Saturday, July 26, 2014


Our usual warm-weather-low-humidity has turned like a child looks back to see if someone familiar is near. In the Pacific NW rain magically ceases soon after Fourth of July and doesn’t reappear until late September/October. But our light sweater July evenings have dissolved into two days of November downpour and I feel cheated. Where has summer gone? Will it reappear?

Our yucca plants produced their white bell blossoms early and with extravagance. They were glorious for days, reluctantly dropping petals as they dried on the stock. Our neighbors’ plants were not so long enjoyed. The rain force bent the stems or denuded them. Their short season concluded face down in the mulch.

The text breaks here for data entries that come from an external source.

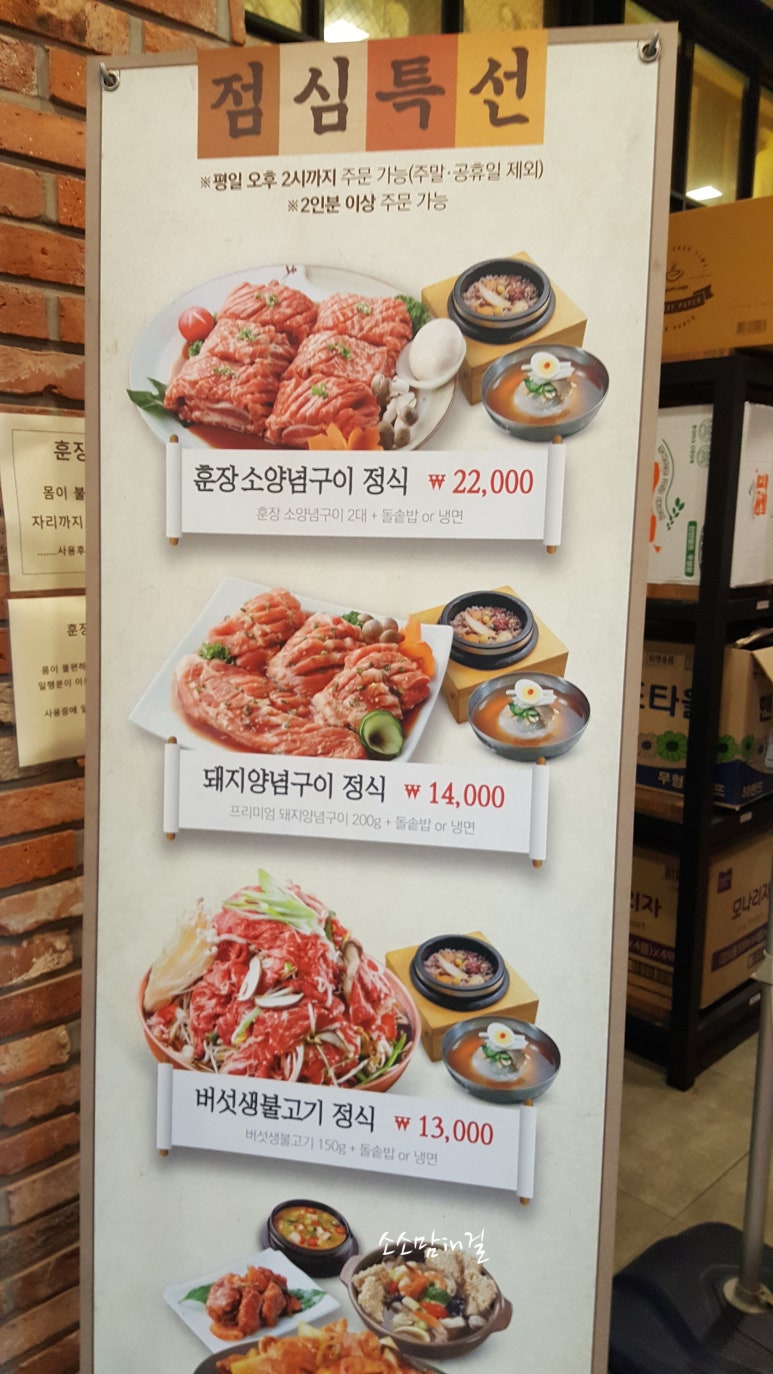 훈장명품관 이미지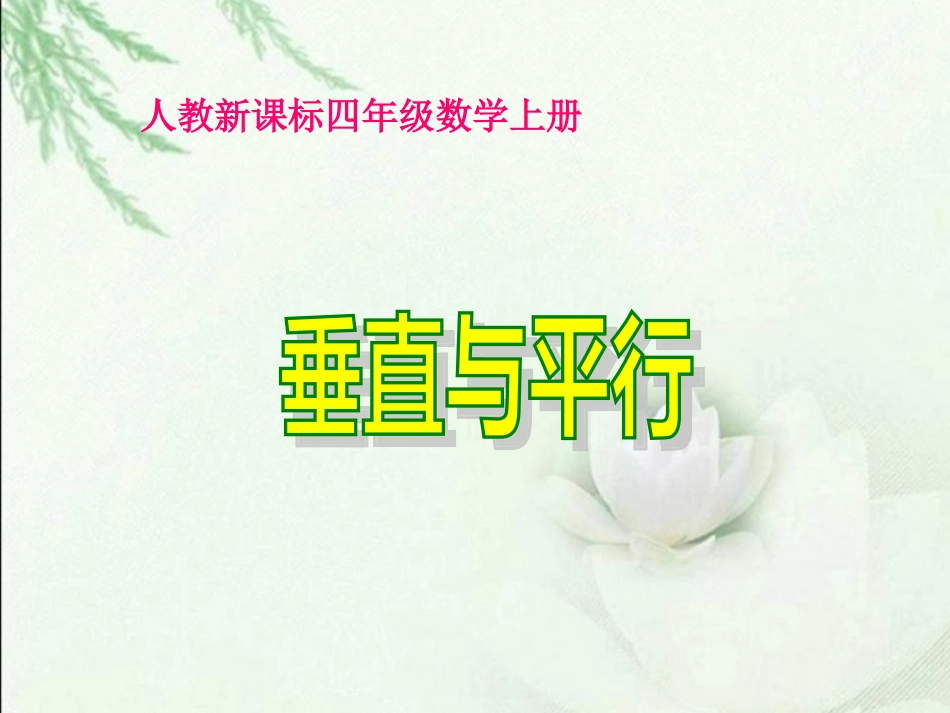 垂直与平行课件(6)_第1页
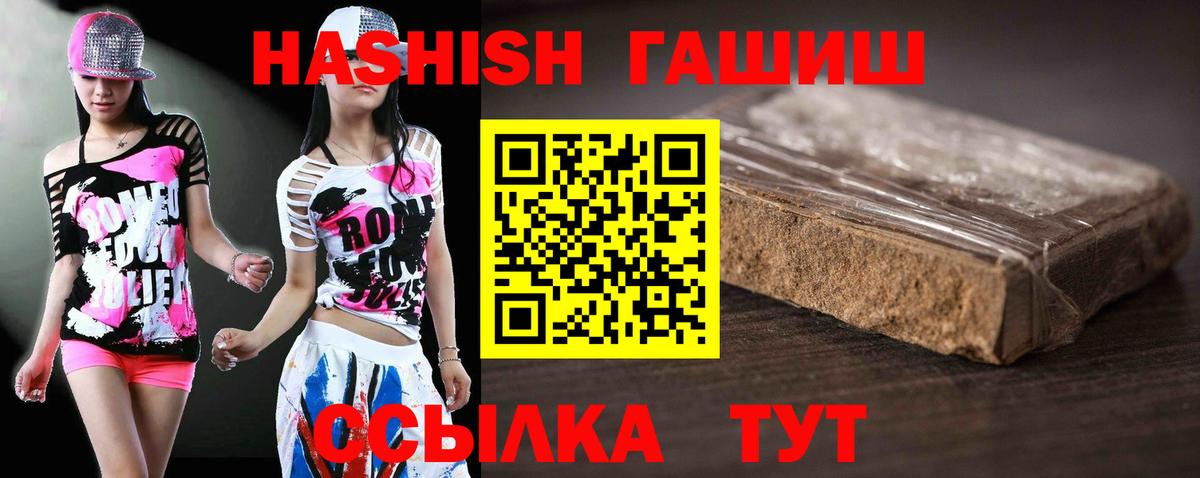 Гашиш хэш Карталы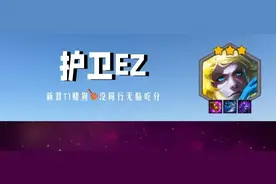 金铲铲之战护卫EZ，QAQA弑神四龙，阶段5之前的神，成型稳定前三图片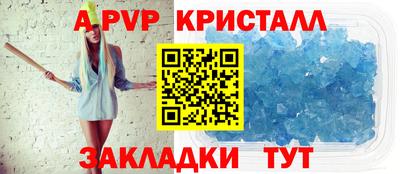 Альфа ПВП Сланцы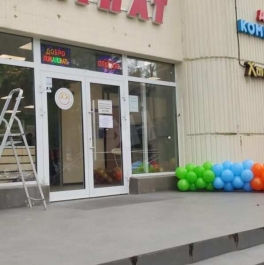 Аренда отдельного здания Амундсена ул, д. 7 Аренда отдельного здания Амундсена ул, д. 7
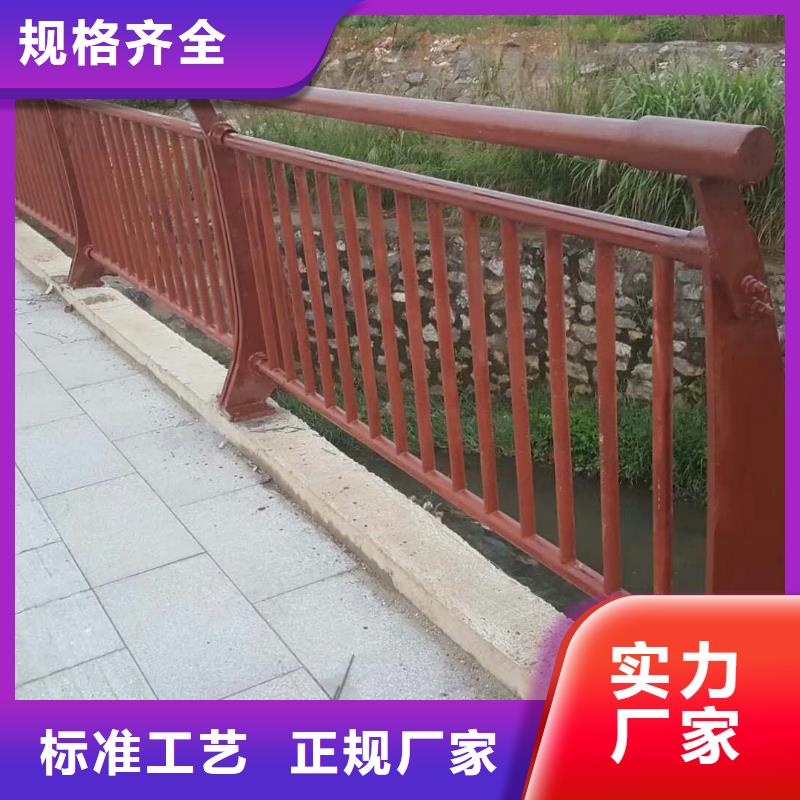 【扬州】找不锈钢复合管栏杆厂家
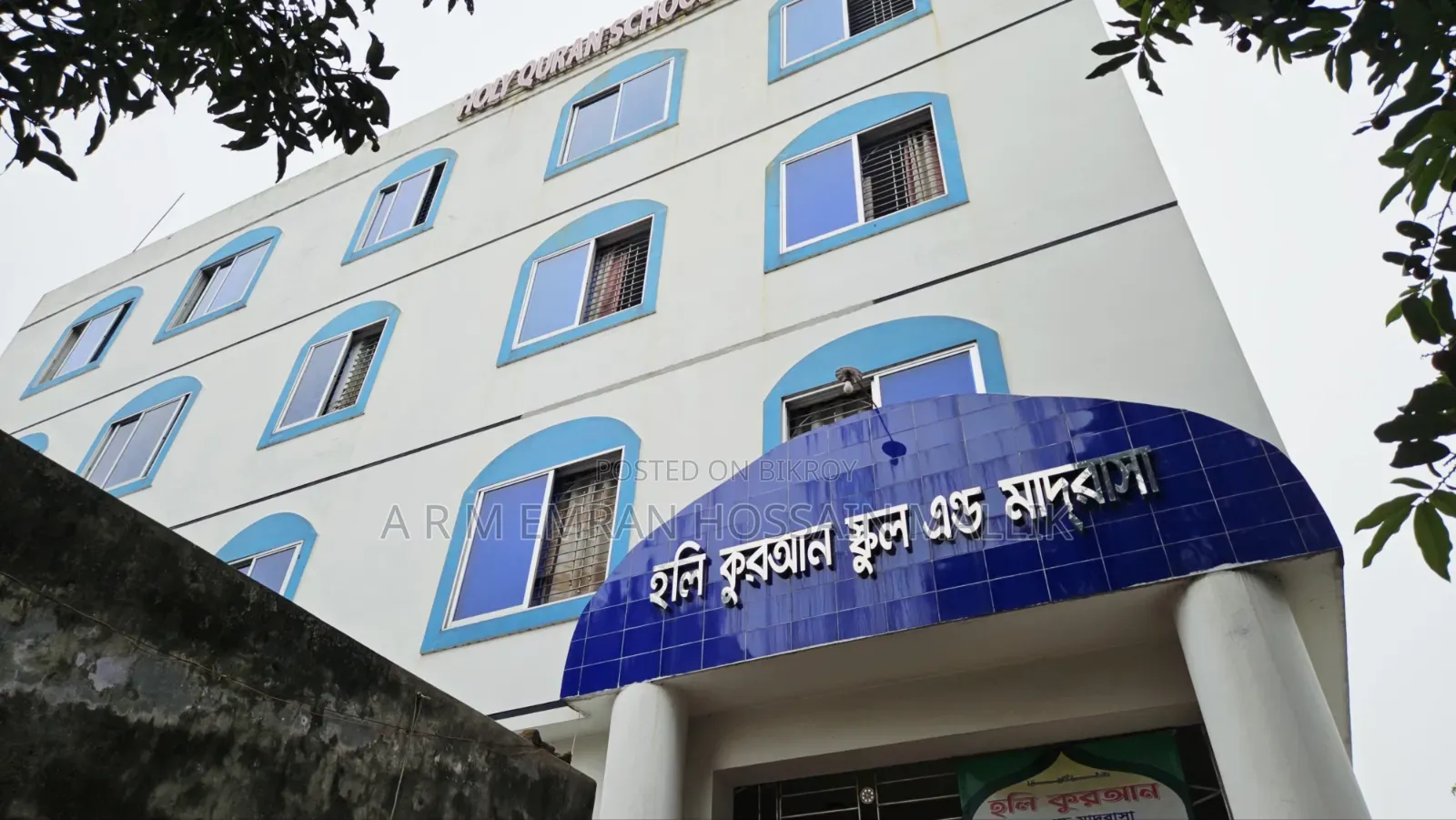 সাভারের পোলুর মার্কেট এলাকায় ২০ বেডরুমের ফার্নিশড বাড়ি বিক্রয় হবে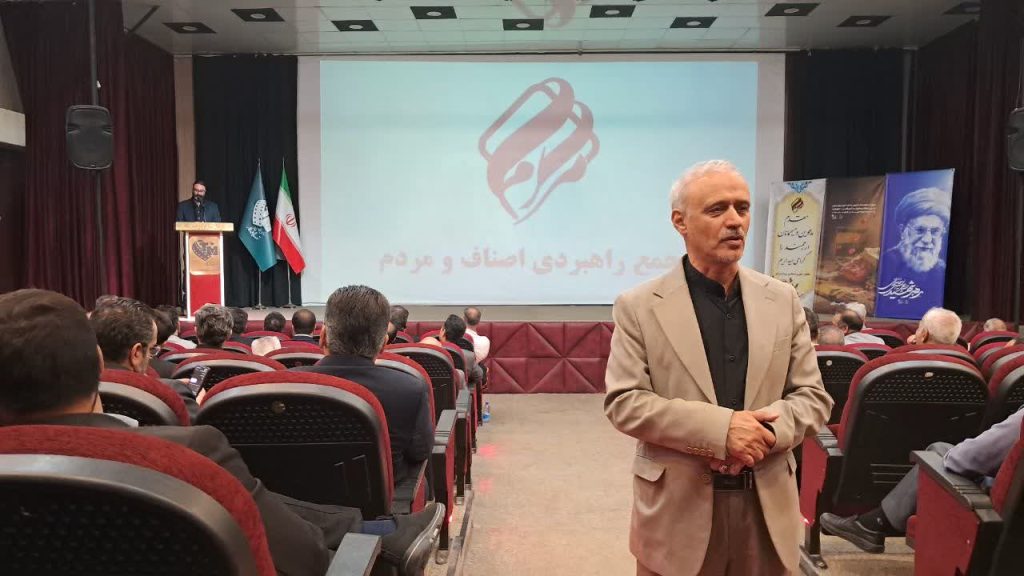 هدف مجمع راهبردی اصناف و مردم مشارکت گسترده و استفاده از ظرفیت پیشکسوتان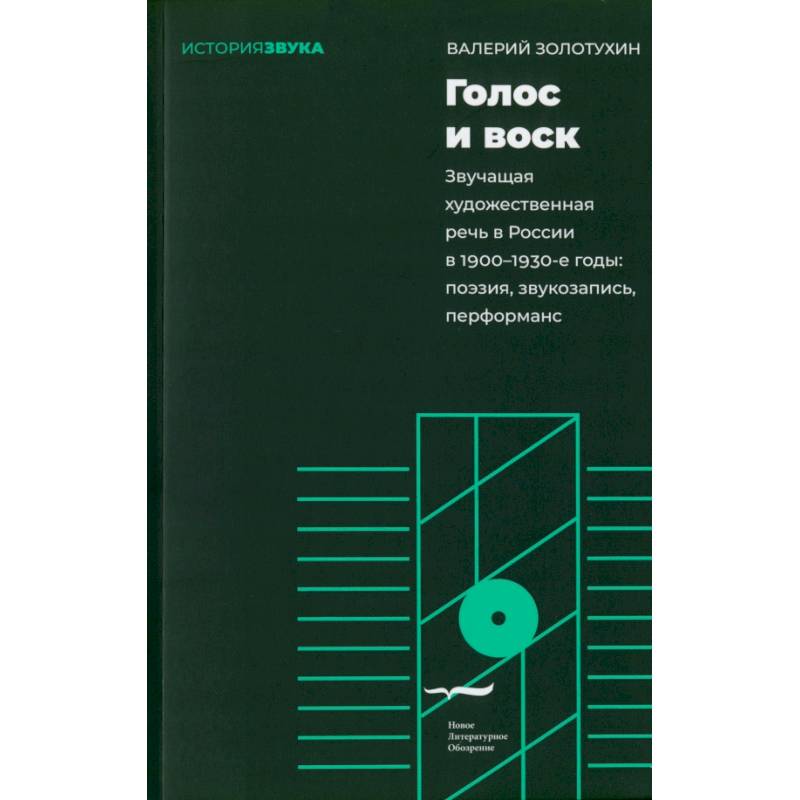 Голос и воск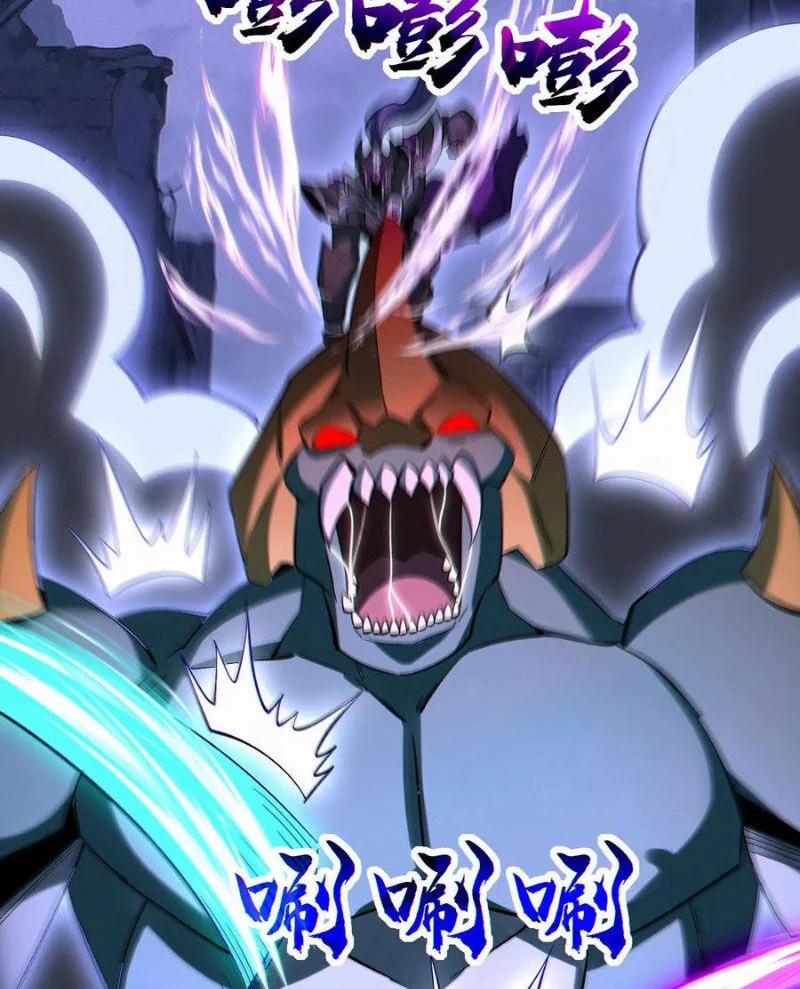 Cướp Đoạt Vô Số Thiên Phú, Ta Trở Thành Thần Ở Thời Đại Toàn Dân Chuyển Chức 83 trang 16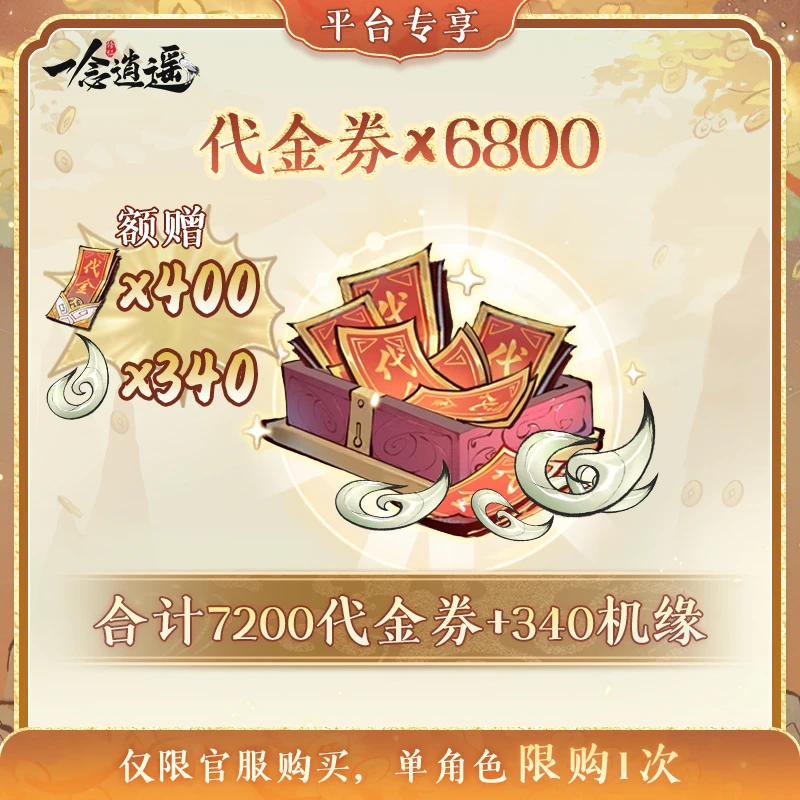 一念逍遥双11限时特惠【代金券68元】礼包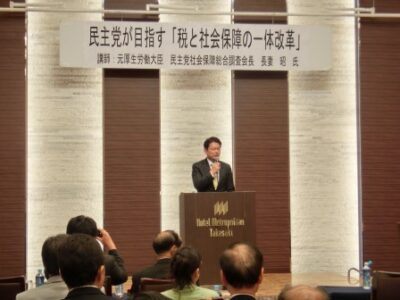 2014年5月10日（土）　「民主党の目指す税と社会保障の一体改革」をテーマに群馬県で講演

Unseasonable weather reminds me of a metaphor hidden in an Asian figure:
Talk about tomorrow
the rats will laugh

Assuming, hoping against hope, continuing in spite of, planning with no guarantees, are conditions of our mortality amid storm-beaten flowers, nurturing rain, changeable weather systems.  
In front of the wooden yucca stocks, the iris greenery feed their tubers. Spiking gladiolas are turning a shade of coral I would not have chosen. Mortality and death are complicated subjects. 

by Robert Frost

Out through the fields and the woods
And over the walls I have wended;
I have climbed the hills of view
And looked at the world and descended;
I have come by the highway home,
And lo, it is ended.

The leaves are all dead on the ground,
Save those that the oak is keeping
To ravel them one by one
And let them go scraping and creeping
Out over the crusted snow,
When others are sleeping.

And the dead leaves lie huddled and still,
No longer blown hither and thither;
The last lone aster is gone;
The flowers of the witch-hazel wither;
The heart is still aching to seek,
But the feet question 'Whither?'

Ah, when to the heart of man
Was it ever less than a treason
To go with the drift of things,
To yield with a grace to reason,
And bow and accept the end
Of a love or a season?



Sunday, July 20, 2014


Sumptuous Mortality

Children’s veranda in the
lowbreathed summer twilight:
‘if I should die before I wake’ lingers
erosive     engraving

O     not alone     ‘my soul to take’.
The sweetjuice hay of nightbreath
smothers in luxury. Who doesn’t
burrow into being
deaf to not-life for

sleep, a time of sleep.
A handkerchief of waiting daylight blown
in esperance: enough.

Margaret Avison. Always Now. Volume Two.


What is our life expectancy? We look at ancestors who died in their 40s, early 60s, 80s. We consider the conditions of their living and passing, and extrapolate our years through the statistics of our improved nutrition and health care and presume we will live…more.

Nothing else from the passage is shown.